Saturday, March 24, 2007

Is it okay to put business logic in stored procedure?

In my experience, i have come across maintaining some software where the business logic was written in stored procedures (or functions/triggers). Recently i collected some points on why this is not such a good idea. The main reason for the use of stored procedures in one product was to have multiple client types to be able to invoke the same business logic. But then we can achieve the same effect applying MVC (model view controller) pattern and keeping the model/business logic in the application code rather than stored procedure. Here are some other reasons why its not a good idea to write BL in stored procedures:

NOTE: Most of the ideas presented below are excerpted from this article.

1. If there are more than one interfaces and the BL is part in stored procedure and part in presentation tier then it becomes a maintenance headache to keep the different presentation tiers in synch.

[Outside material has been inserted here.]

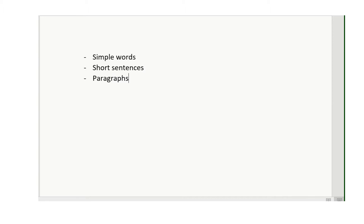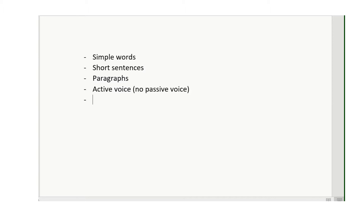Always use paragraphs — short paragraphs. Do not have big paragraphs. Then, always write in active voice unless it is very necessary; do not use passive voice. Also, be aware of the tense you are using. The tense should not change too much in the essay. If you are writing about something that happened in the past, use past tense. For future events, use simple present or future tense.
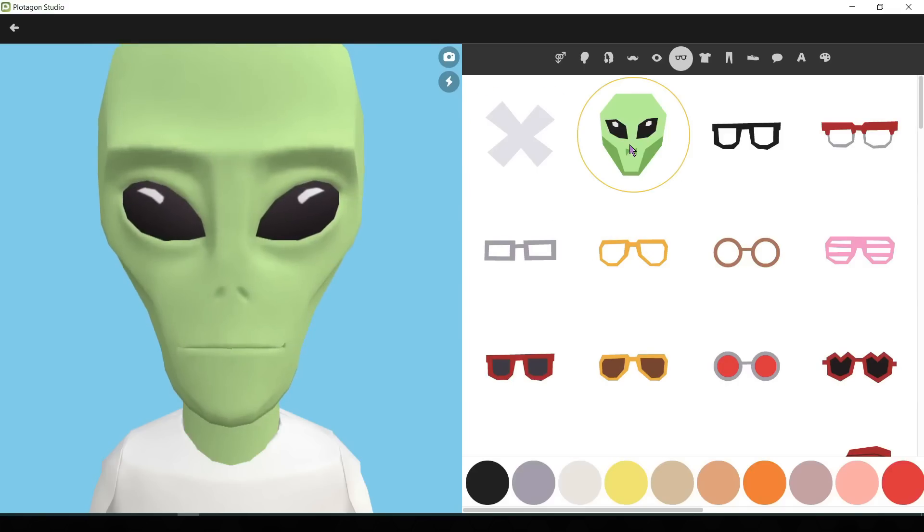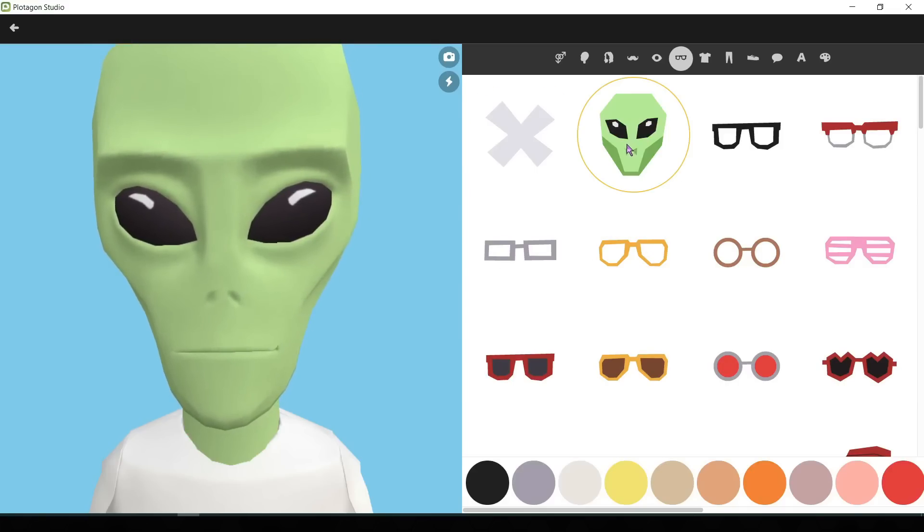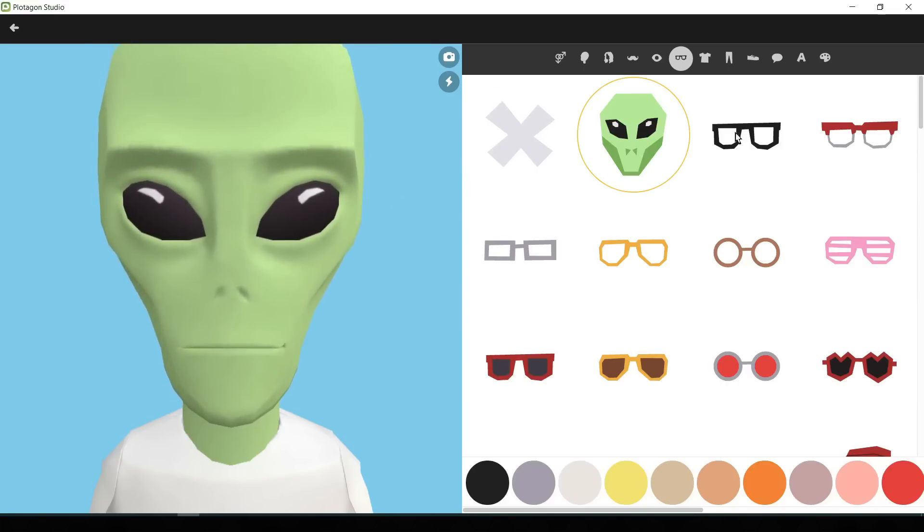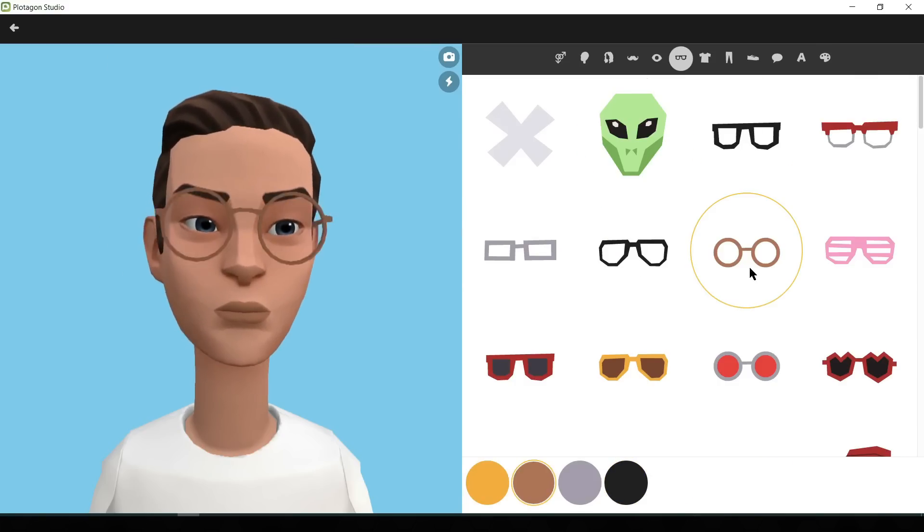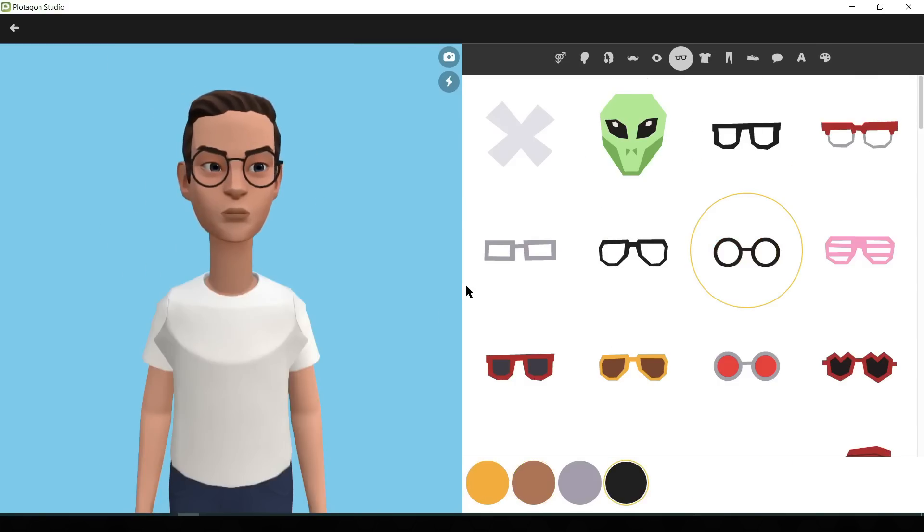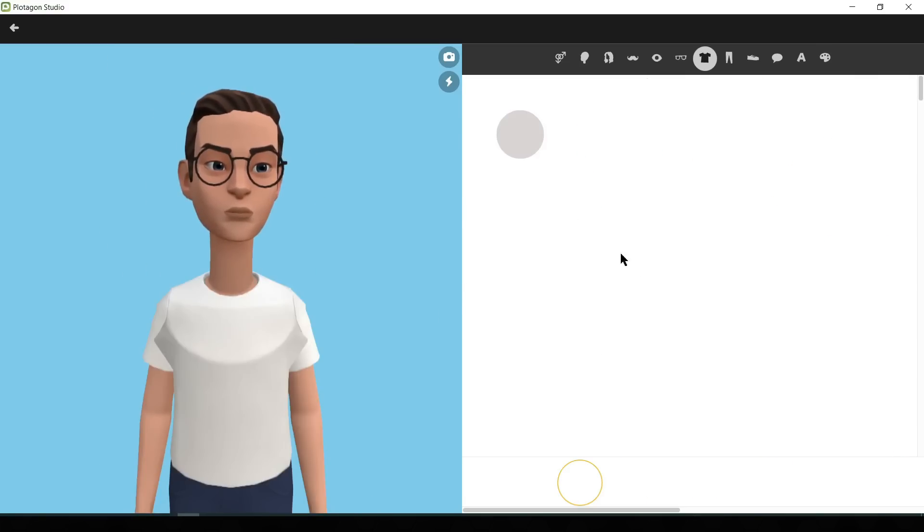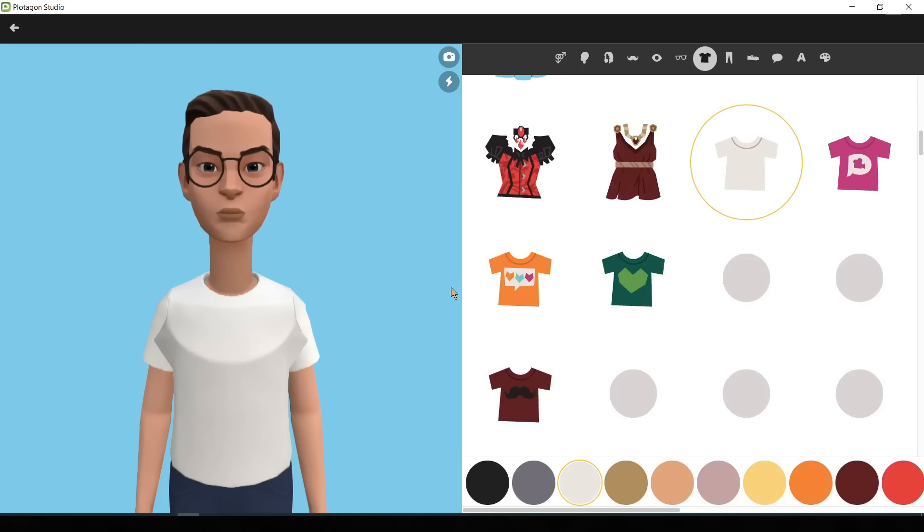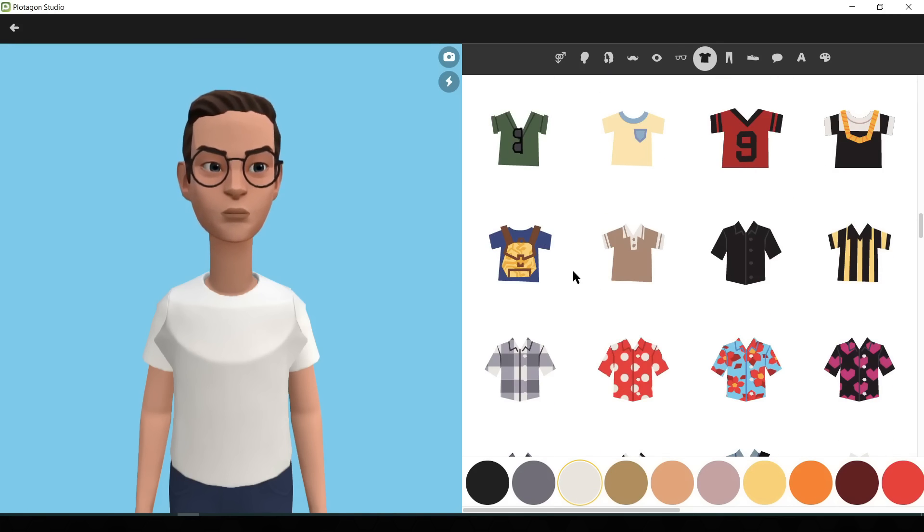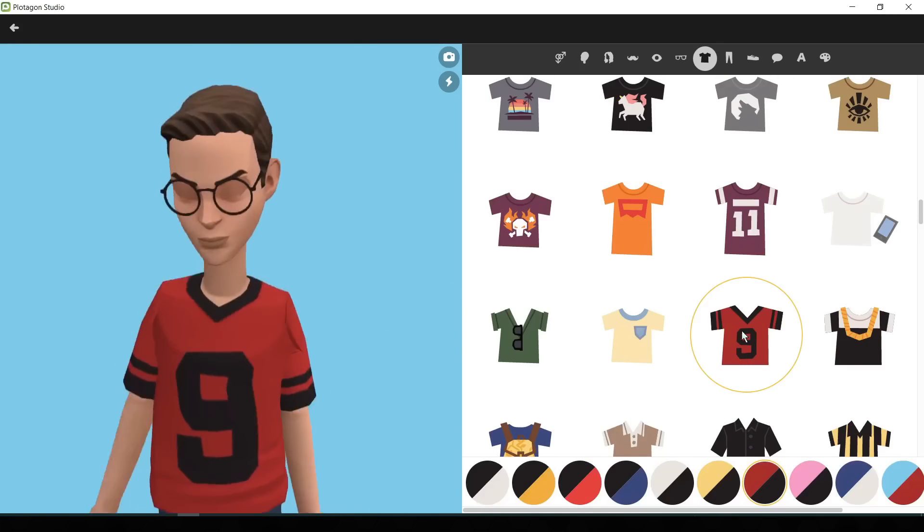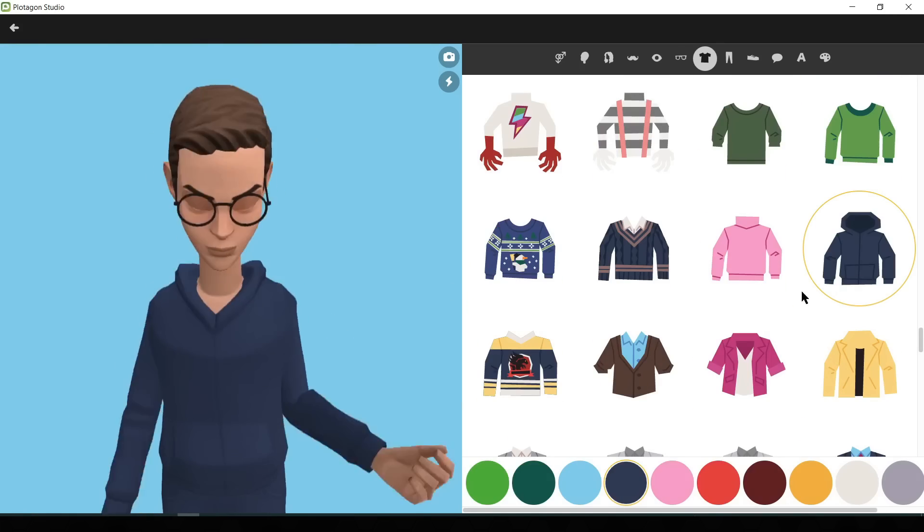In the next step, you can add a mask or eyeglass. Wow, it looks like an alien. But we don't need aliens. Let's try something else. It looks perfect. Now we will customize the outfit of our character. First, we will change the t-shirt,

2. Stored procedures form an API by themselves. Adding new functionality or new procedures is the "best" way to extend an existing API.This means that when a table changes, or behaviour of a stored procedure changes and it requires a new parameter, a new stored procedure has to be added. When stored proc is changed, the DAL/BL code needs to change too to call the changed/new stored proc whereas, if the SQL is generated on the fly from the DAL/BL code and there is no stored proc then only DAL code will change.
Microsoft also believes stored procedures are over: it's next generation business framework MBF is based on Objectspaces, which generates SQL on the fly.
In Java world, ORM (Object to Relational Mapping) frameworks like Hibernate and TopLink (and now Java Persistence Architecture, JPA) are meant to generate SQL on the fly too.

3.Business logic in stored procedures is more work to test than the corresponding logic in the application. Referential integrity will often force you to setup a lot of other data just to be able to insert the data you need for a test.Stored procedures are inherently procedural in nature, and hence harder to create isolated tests and prone to code duplication. Another consideration, and this matters a great deal in a sizable application, is that any automated test that hits the database is slower than a test that runs inside of the application. Slow tests lead to longer feedback cycles.

4. While stored procedures may run faster, they take longer to build, test, debug and maintain, therefore this extra speed comes at a price.

5. BL in stored procs does not scale - If you have a system with 100's of distributed databases it is far more difficult to keep all those stored procedures and triggers synchronized than it is to keep the application code synchronized.

6. Locked in to the DB for which stored procs are written.

7. Porting the data will be one exercise, but porting the stored procedures and triggers will be something else entirely. Now, if all that logic were held inside the application, how much simpler would it be?

All changes made to the database can be logged without using a single database trigger. How? By adding extra code into the DAO to write all relevant details out to the AUDIT database. This functionality is totally transparent to all the objects in the Business Layer, and they do not need any extra code to make it work.